WHAT TO WORK ON
When you reach the line with "Upper Blepharoplasty", start repeating the lines exactly and keep going to the end of the records, but drop every picture.

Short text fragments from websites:
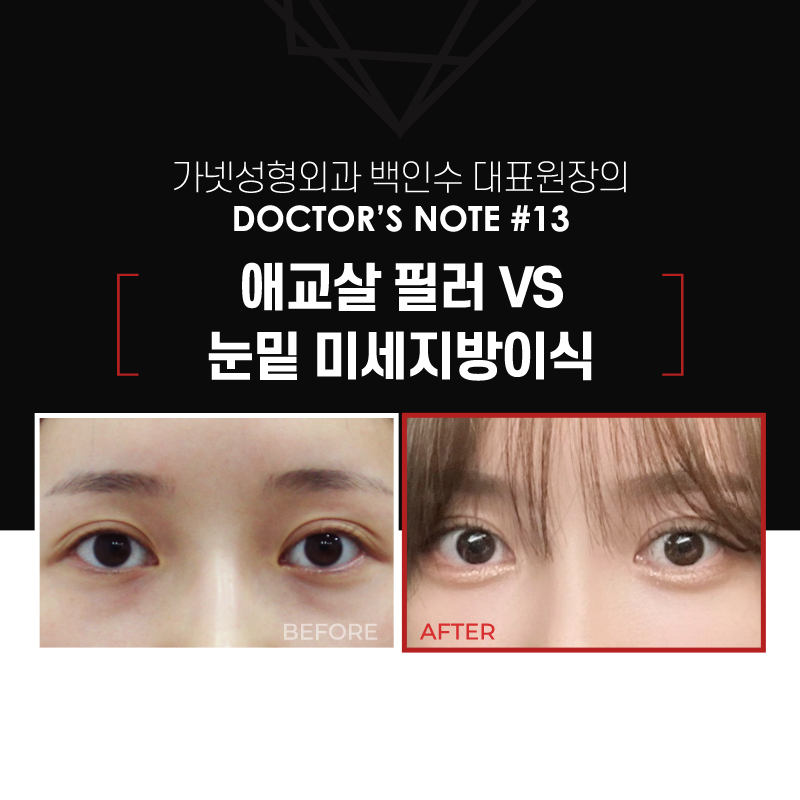 【가넷성형외과 백인수원장 성형칼럼】 애교필러 VS 눈밑 미세지방이식 관련 이미지 2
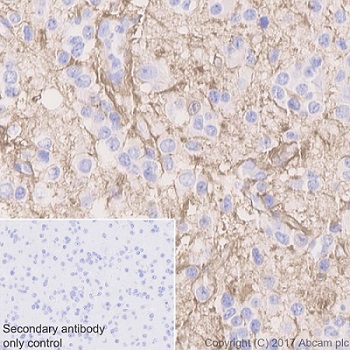 Immunohistochemistry (Formalin/PFA-fixed paraffin-embedded sections) - Anti-Glutamine Synthetase antibody [EPR13022(B)] - BSA and Azide free (ab240193), expandable thumbnail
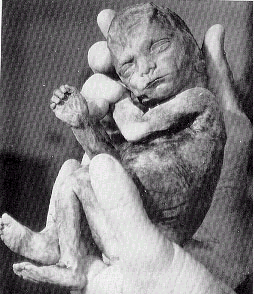 Picture for song 'FINGA' ON DA TRIGGA' by artist 'Fetal Ass Niggas'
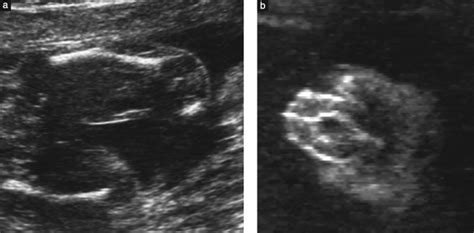 Features Of Campomelic Dysplasia Detectable On Ultrasound Include Download Scientific Diagram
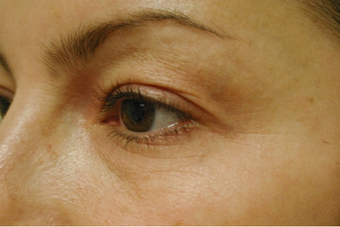Laser eyelift after 129023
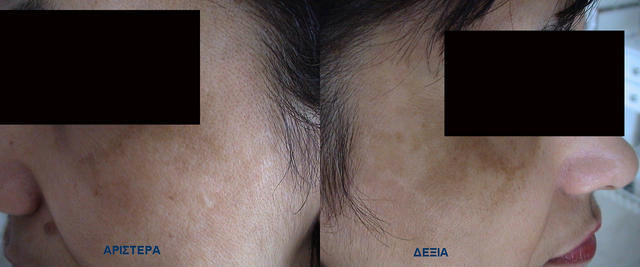 PIGMENTATION DISORDERS - Melasma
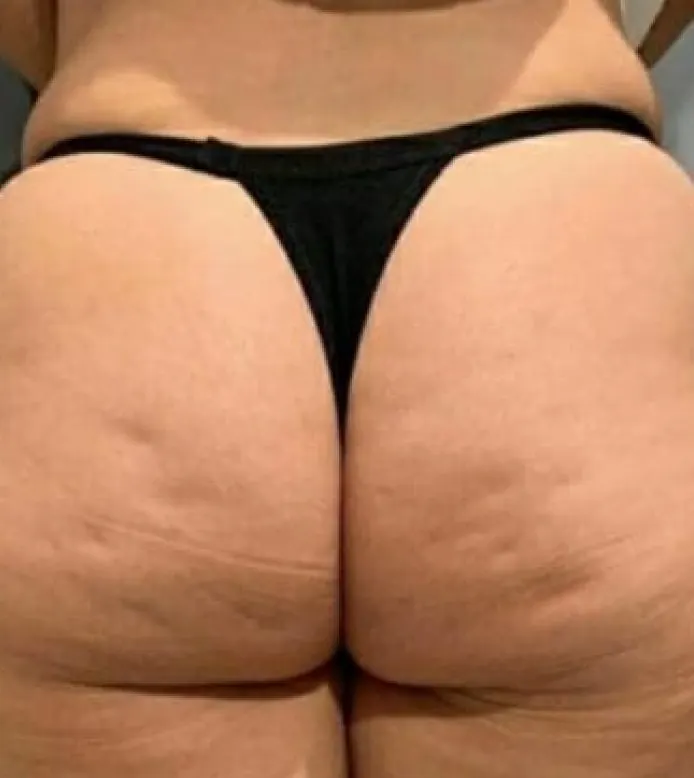 Antes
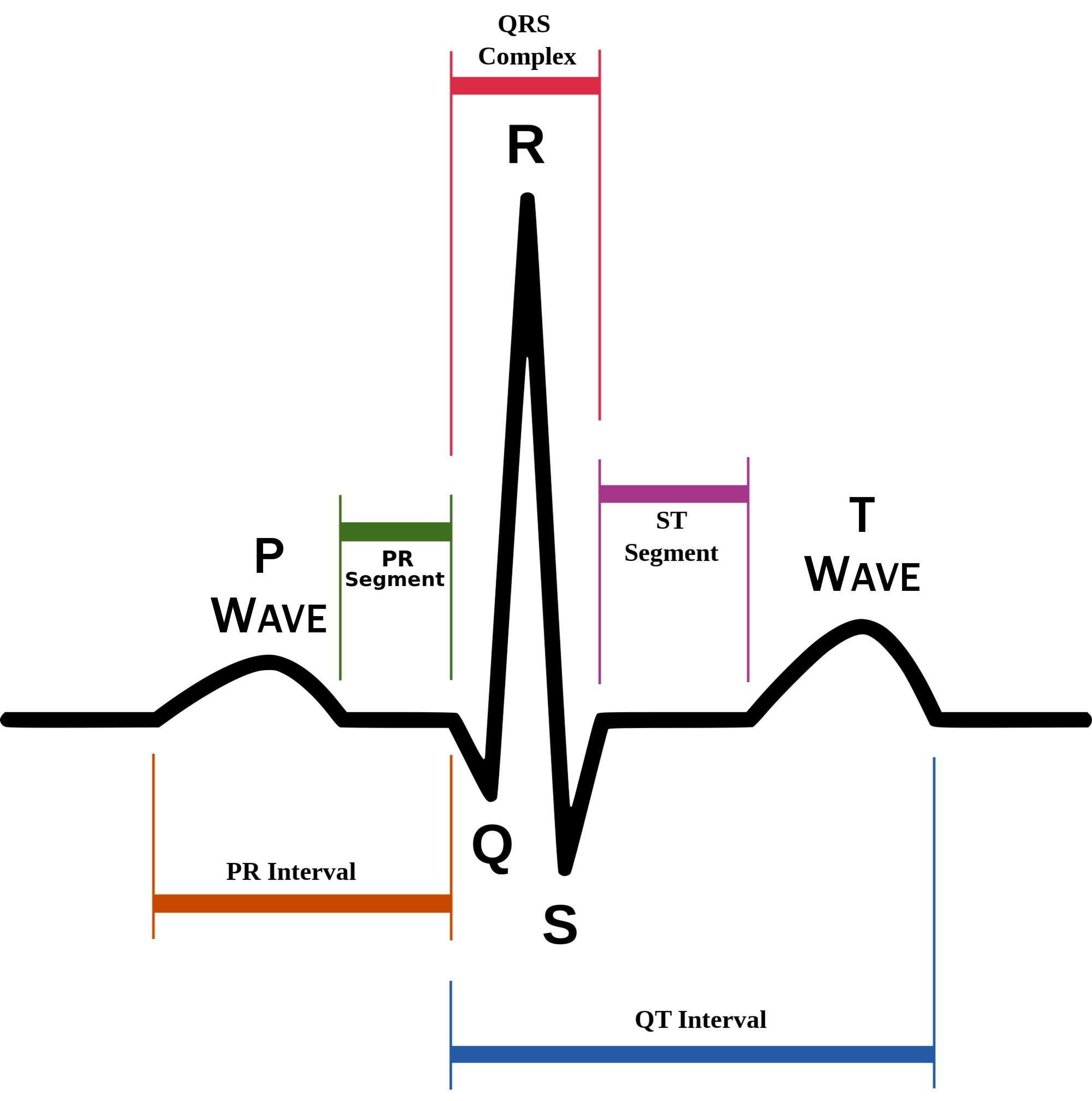 EKG - ระดับชั้น 12 - Quizizz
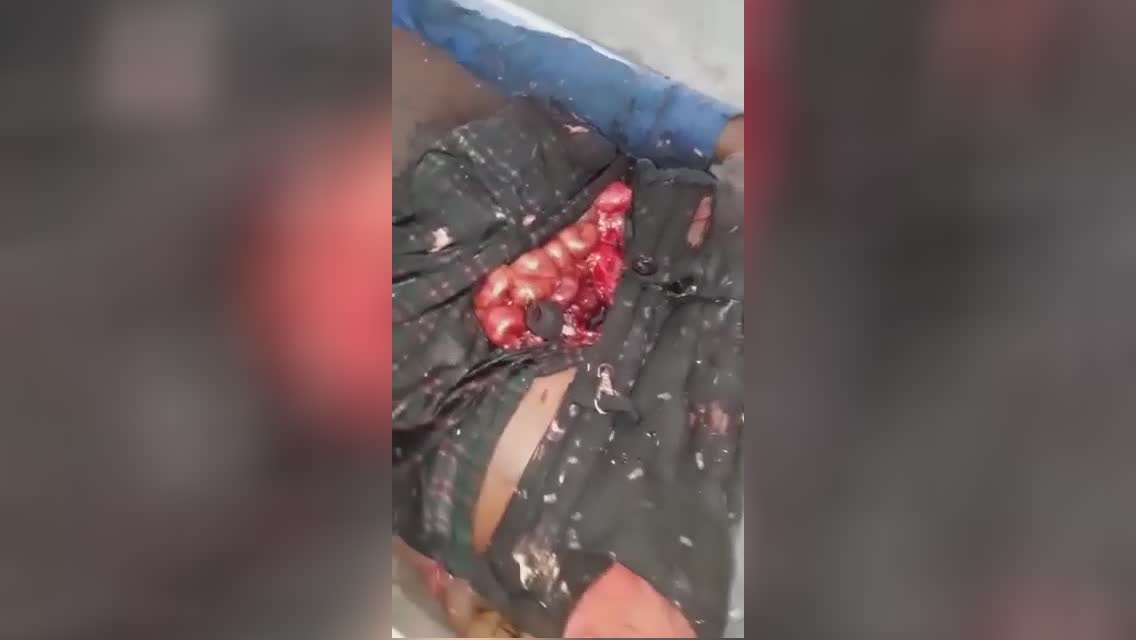 Lifeless guy got reached along with a machete several times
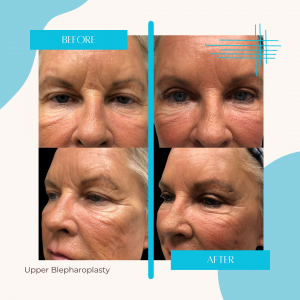 Upper Blepharoplasty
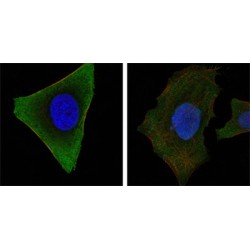 Tyrosine-Protein Kinase JAK3 (JAK3) Antibody
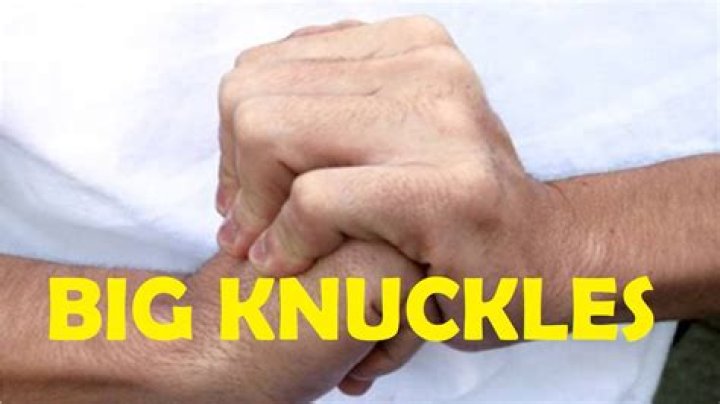 Why do knuckles get bigger?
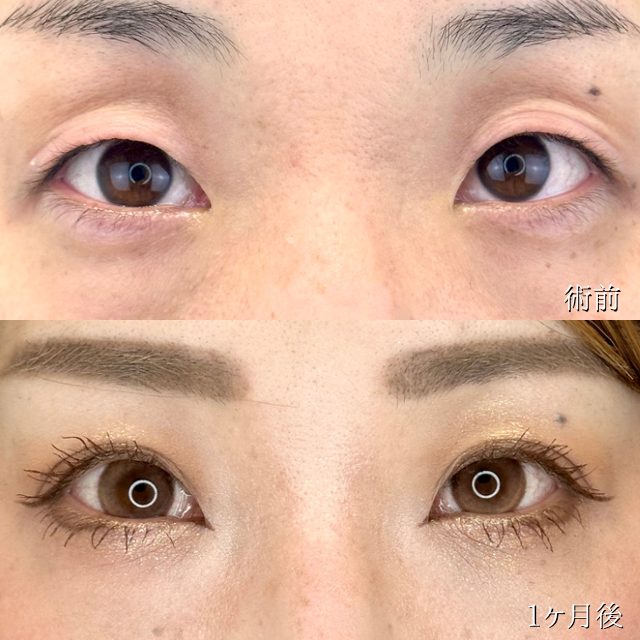 二重埋没法(担当医:TCB 医師)の症例写真1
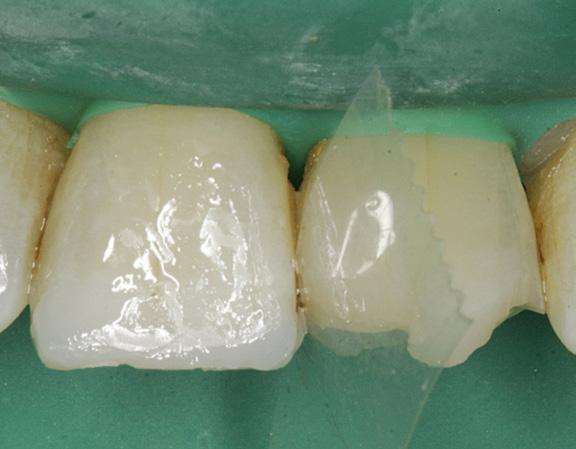 El composite Nano Híbrido contiene un agente fluorescente que asegura la apariencia natural del diente y es de muy fácil manipulación.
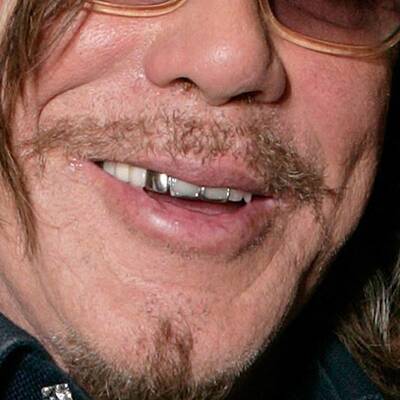 Mickey Rourke: Star mit Zahnproblem?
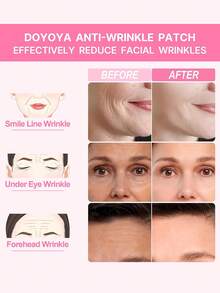 5 Miếng dán trán bằng silicon có thể tái sử dụng - Miếng dán mặt bằng silicon Miếng dán mịn có thể tái sử dụng cho trán, vết chân chim, cổ Miếng dán làm mịn da mặt Chăm sóc da khi ngủ, tập thể dục và yoga, Nhẹ, thoáng khí và không nhăn khi đeo - trắng - Xem 6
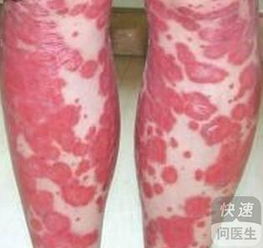 牛皮癬的飲食要注意什么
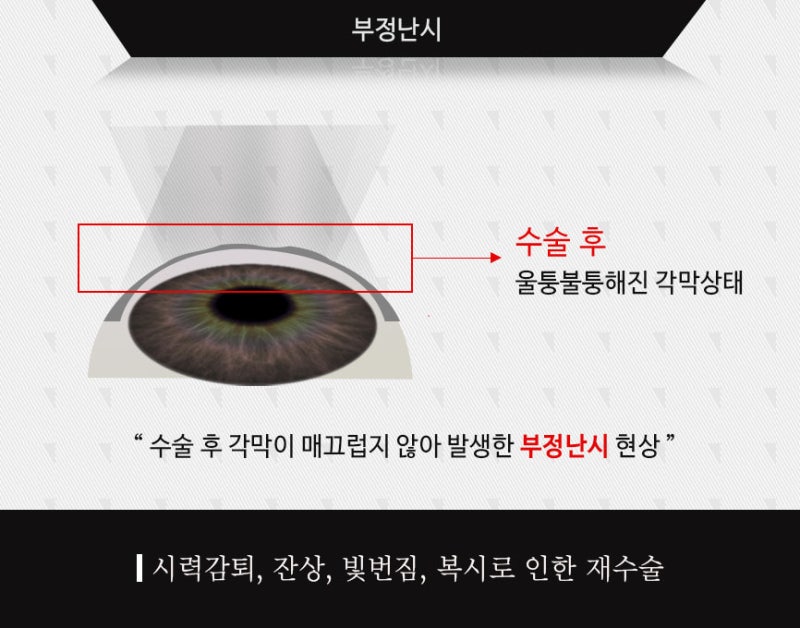 라식 라섹 재수술 한번 더 따져보세요! : 네이버 블로그 라식 라섹 재수술 한번 더 따져보세요! : 네이버 블로그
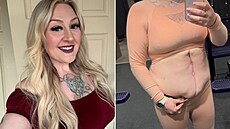 Kvli plastice bicha mla ena velké zdravotní komplikace.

SOLUTION BELOW
 Upper Blepharoplasty
 Tyrosine-Protein Kinase JAK3 (JAK3) Antibody
 Why do knuckles get bigger?
 二重埋没法(担当医:TCB 医師)の症例写真1
 El composite Nano Híbrido contiene un agente fluorescente que asegura la apariencia natural del diente y es de muy fácil manipulación.
 Mickey Rourke: Star mit Zahnproblem?
 5 Miếng dán trán bằng silicon có thể tái sử dụng - Miếng dán mặt bằng silicon Miếng dán mịn có thể tái sử dụng cho trán, vết chân chim, cổ Miếng dán làm mịn da mặt Chăm sóc da khi ngủ, tập thể dục và yoga, Nhẹ, thoáng khí và không nhăn khi đeo - trắng - Xem 6
 牛皮癬的飲食要注意什么
 라식 라섹 재수술 한번 더 따져보세요! : 네이버 블로그 라식 라섹 재수술 한번 더 따져보세요! : 네이버 블로그
 Kvli plastice bicha mla ena velké zdravotní komplikace.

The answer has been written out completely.